P.- Como o sr. enxerga o alcance do reforço nos mais jovens?
DU- Eu tenho visto muita resistência em todas as faixas etárias, é inacreditável. Tanto para a 3ª dose (primeiro reforço) quanto para 4ª (segundo reforço). Você questiona e essas pessoas tomaram as duas primeiras, mas agora têm medo da vacina. Eu falo: mas você já se vacinou, e elas não querem tomar a 3ª ou a 4ª dose. Não dá para entender.

P.- O sr. vai continuar na secretaria no próximo ano? Caso sim, prevê a compra das vacinas bivalentes, atualizadas contra a ômicron?
DU- Não vou continuar no governo, mas por mim isso deveria já estar sendo comprado hoje. São duas coisas que precisam ser feitas o mais rapidamente possível: providenciar as vacinas bivalentes e a compra de antivirais. Os antivirais que são até por via oral são extremamente necessários [para evitar casos graves]. Eu vou inclusive falar com o ministro [Marcelo Queiroga, da Saúde] porque, na minha leitura, isso precisa ser feito imediatamente.

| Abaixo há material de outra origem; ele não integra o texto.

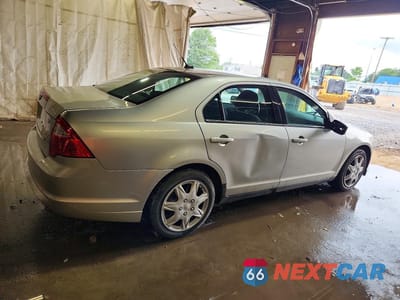 Trzecie zdjęcie samochodu z tyłu: 2011 FORD FUSION SE VIN:3FAHP0HAXBR237339 - miniatura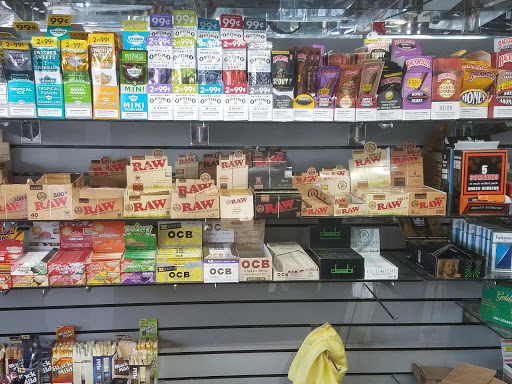 Tobacco Shop «All in 1 Smoke Shop», reviews and photos, 1300 N University Dr, Pembroke Pines, FL 33024, USA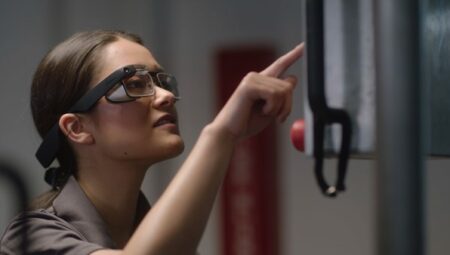 Google, artırılmış gerçeklik gözlüğünün fişini çekiyor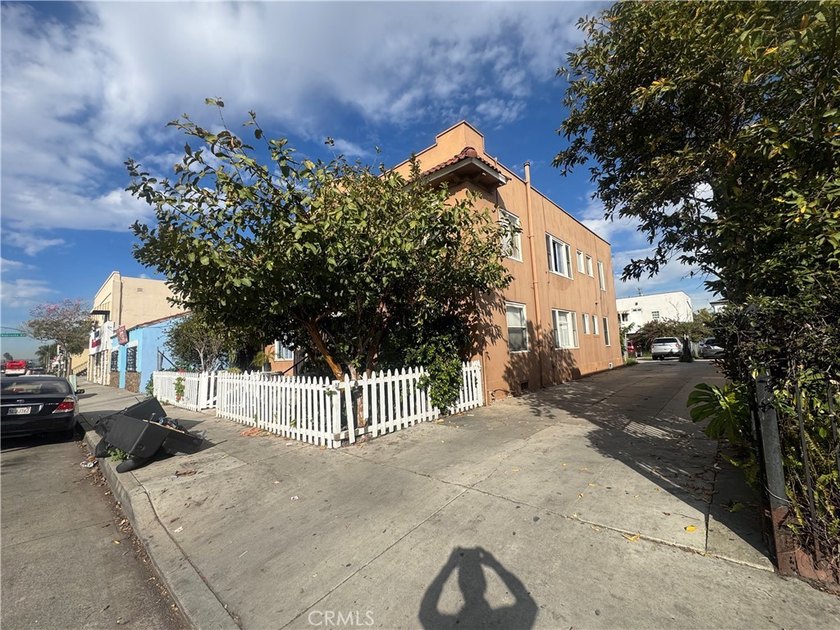 Spacious Four-Unit Long Beach Investment Opportunity Featuring - photo 4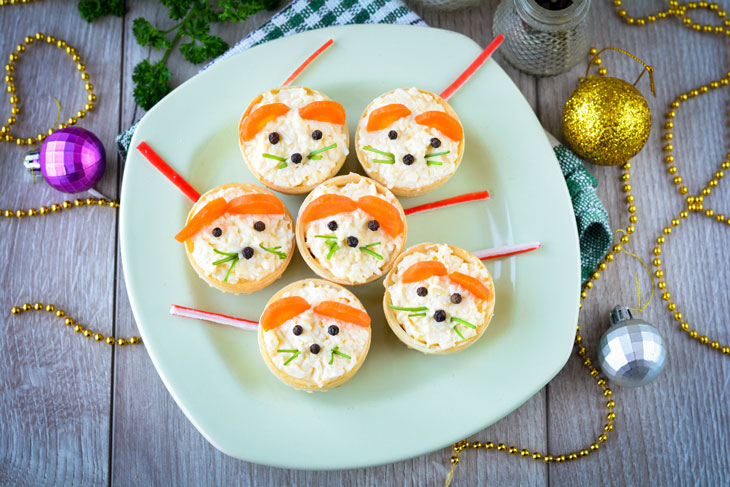 Tartlets "Mice" - a delicious and elegant snack for the New Year 2020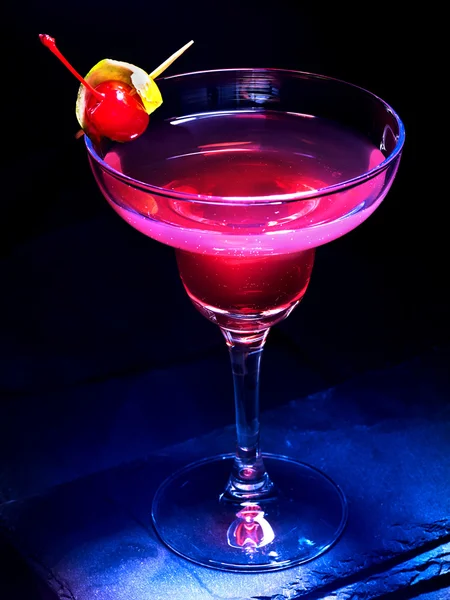 Cocktail alcool cerise sur fond noir  . — Photo
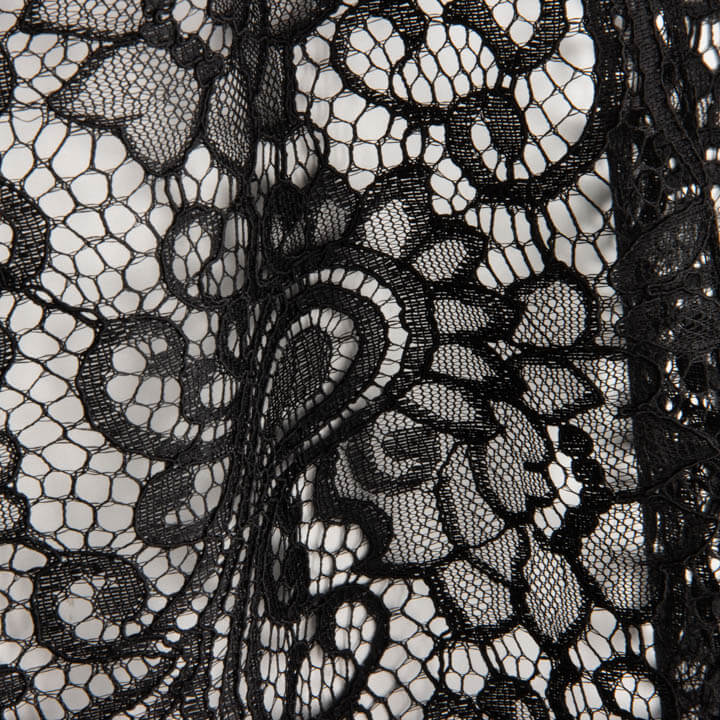 Renda Bordada Bridal Garden Paisley Preta - Ribes y Casals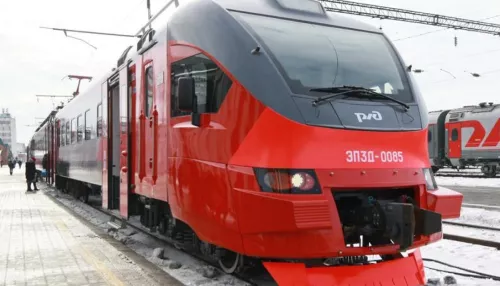 Пригородные поезда в Алтайском крае стали ездить быстрее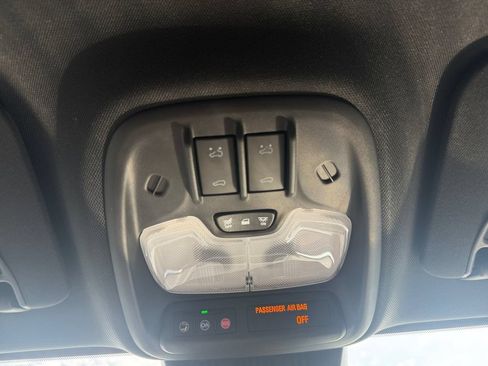 Used 2023 GMC Canyon Denali AWD/4WD image 37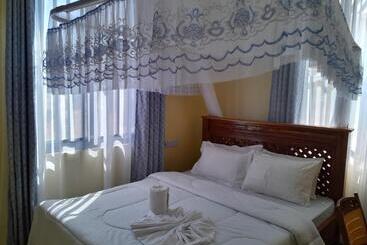 هتل Gustina Zuzu Village Lodge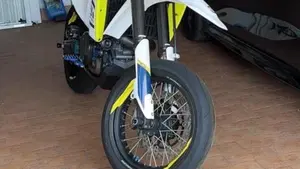 Husqvarna 701 Supermoto (2017 - 19)  (2)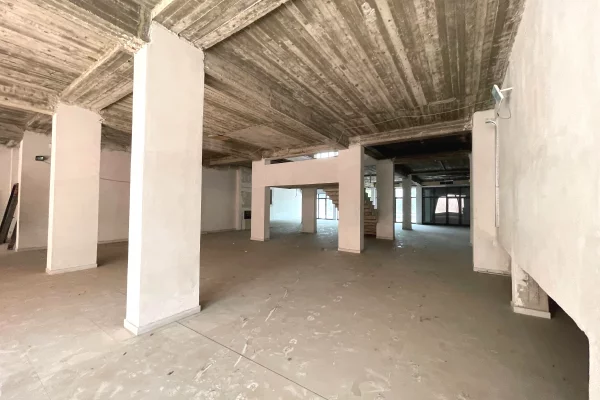 🏢 Ambient 1100 m2 me qira – Tek Mbikalimi i Komunes se Parisit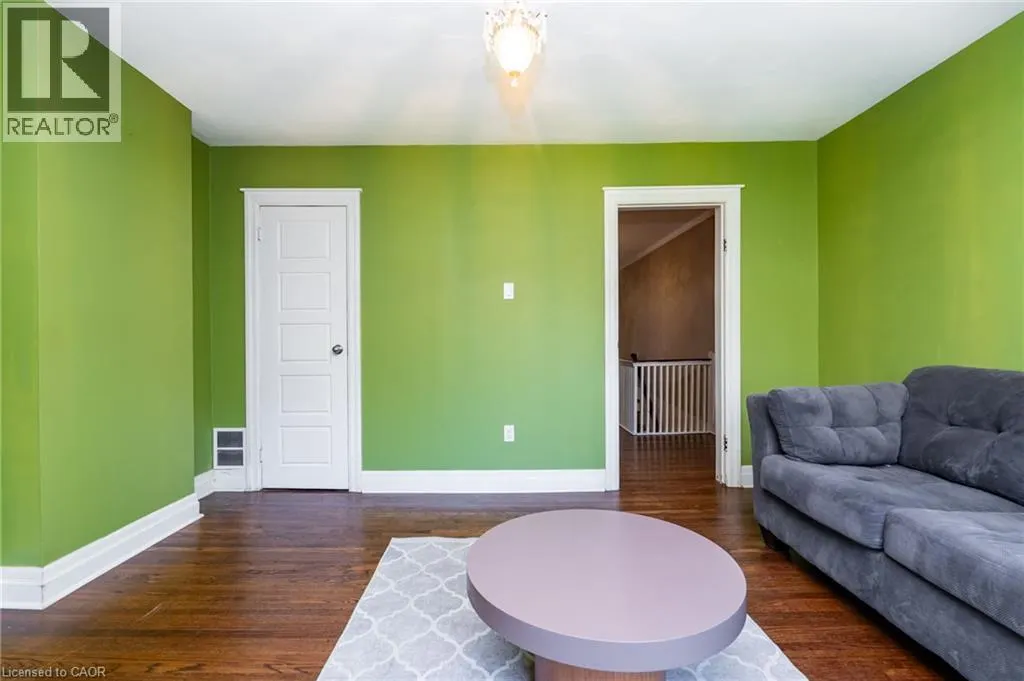 253 BARTLETT Avenue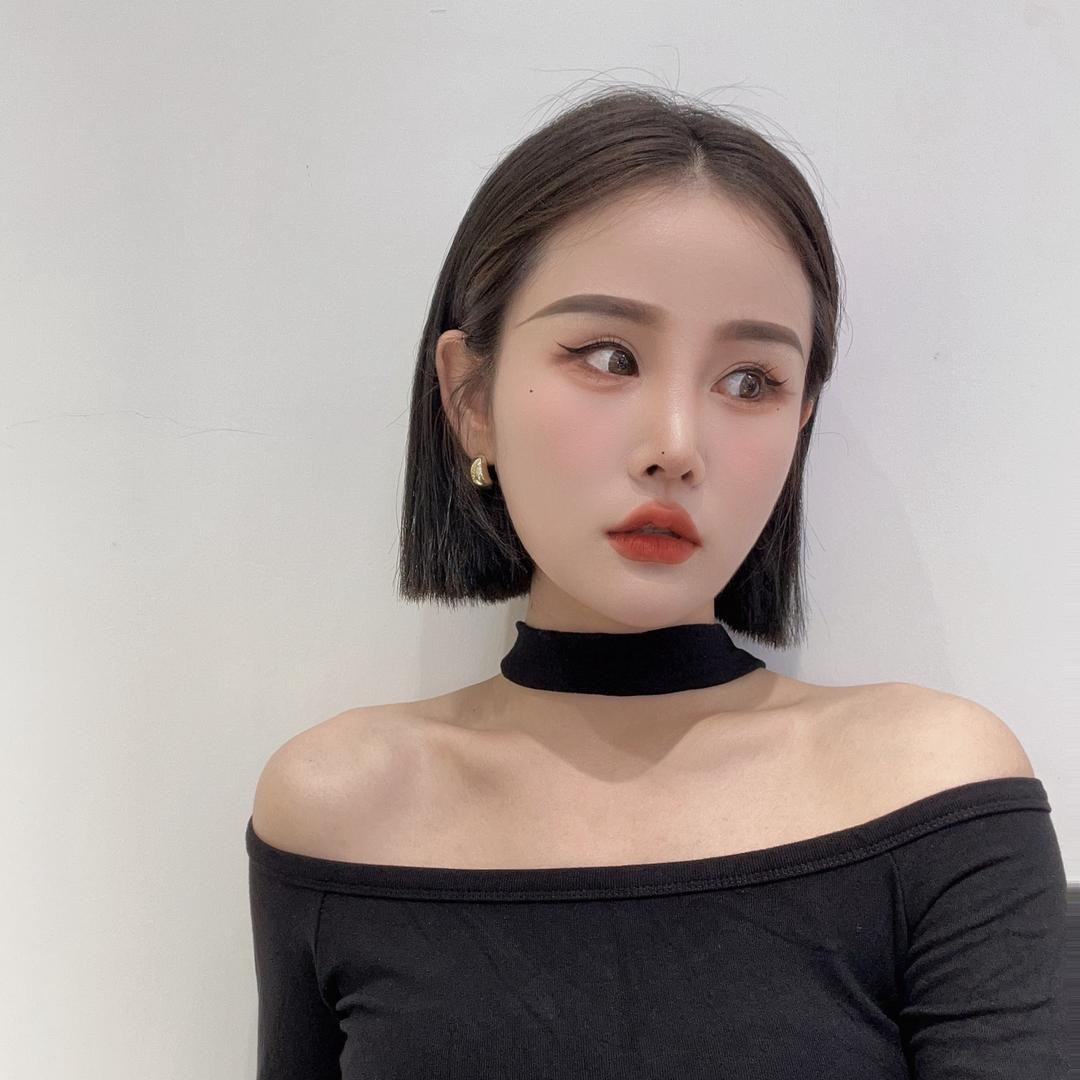 杜莎蕾奴时尚旗舰店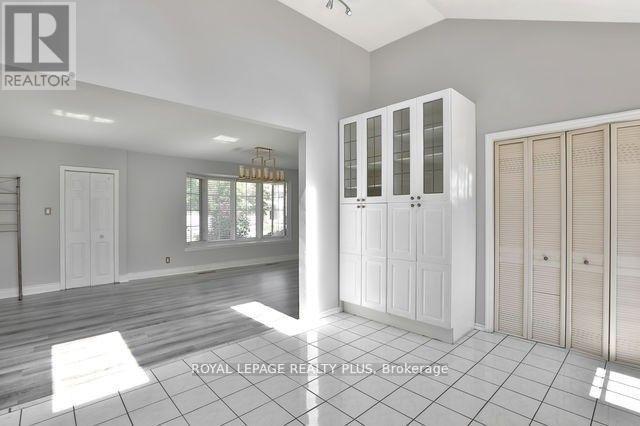 48 Birkbank Drive, Oakville (Fd Ford), Ontario  L6J 4Y9 - Photo 13 - W13164718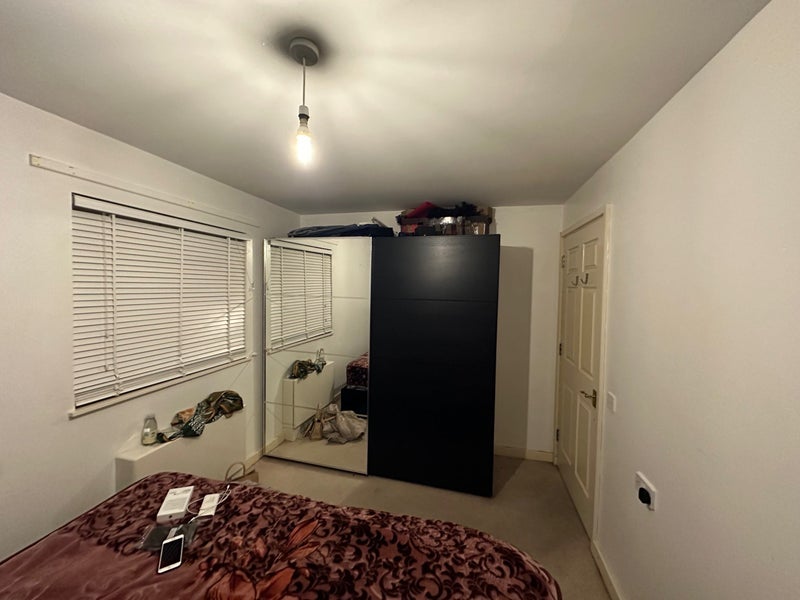 Room Longfellow Road in Greater London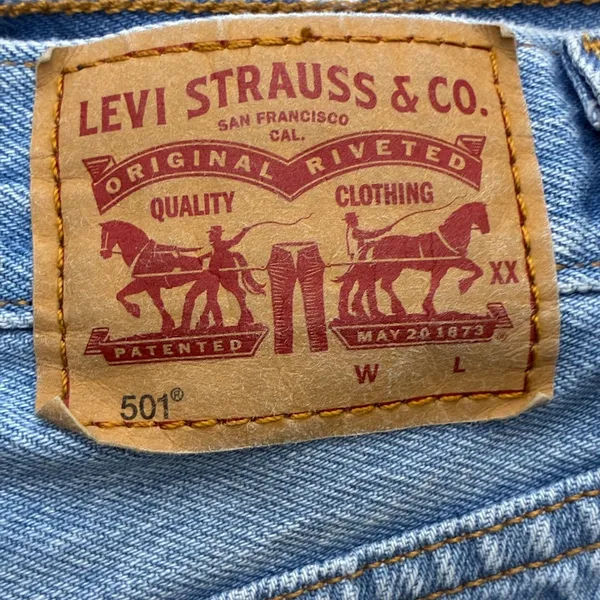 Levis 501 Light Wash Distressed Denim Shorts High Rise Daisy Dukes Size 27 - Image 6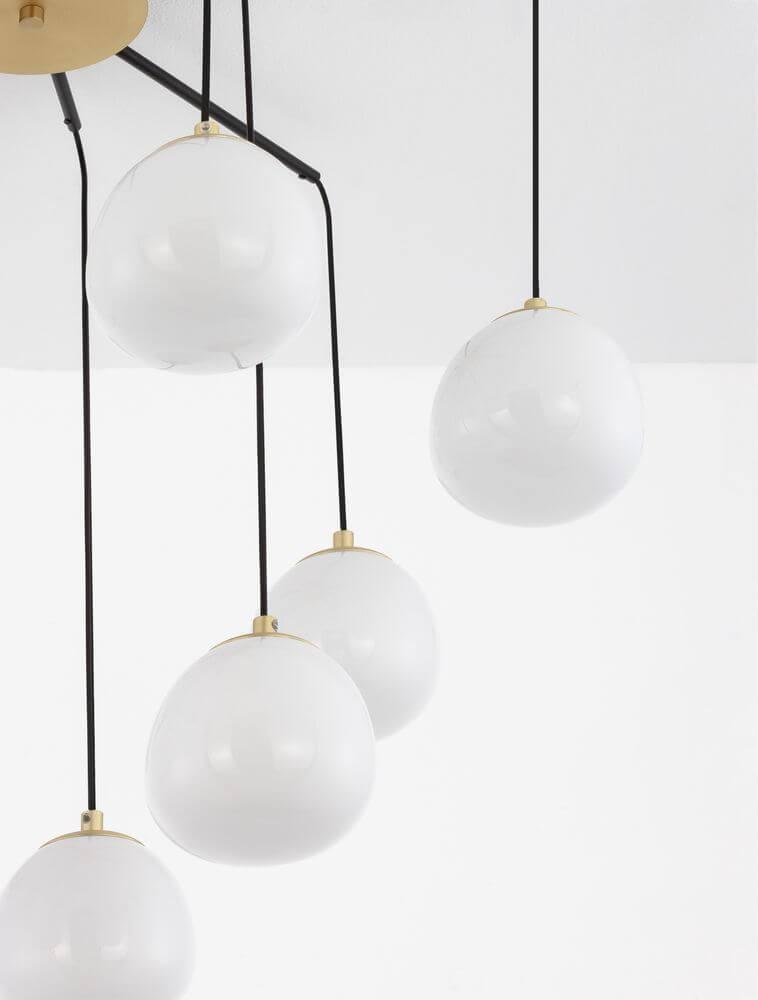 Die Egg Pendelleuchte 8-flammig Ø 75cm Gold, Weiß, Schwarz mit transparenten Glaskugeln und elegantem Design.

P.- E por que o governo de São Paulo não as comprou de forma independente?
DU- Nós já conversamos sobre isso [na secretaria] e amanhã tenho uma reunião com o governador para tratar disso. Mas, veja bem, a política pública de compra de insumos é do governo federal. Segundo o pacto federativo, o governo compra, os estados treinam e distribuem e os municípios aplicam. Mas, por conta dos últimos dados, e o governador está ciente disso, eu vou falar com ele sobre a possibilidade de o estado de São Paulo comprar antivirais.

Raio-X

David Everson Uip, 70
Formado em medicina pela Faculdade de Medicina do ABC (atual Centro Universitário FMABC) com especialização (mestrado e doutorado) em moléstias infecciosas e parasitárias pelo Hospital das Clínicas da Faculdade de Medicina da USP. Foi reitor do Centro Universitário FMABC e coordenador do comitê científico de combate à Covid do governo João Doria. Atualmente é secretário de Ciência, Pesquisa e Desenvolvimento em Saúde do governo de São Paulo.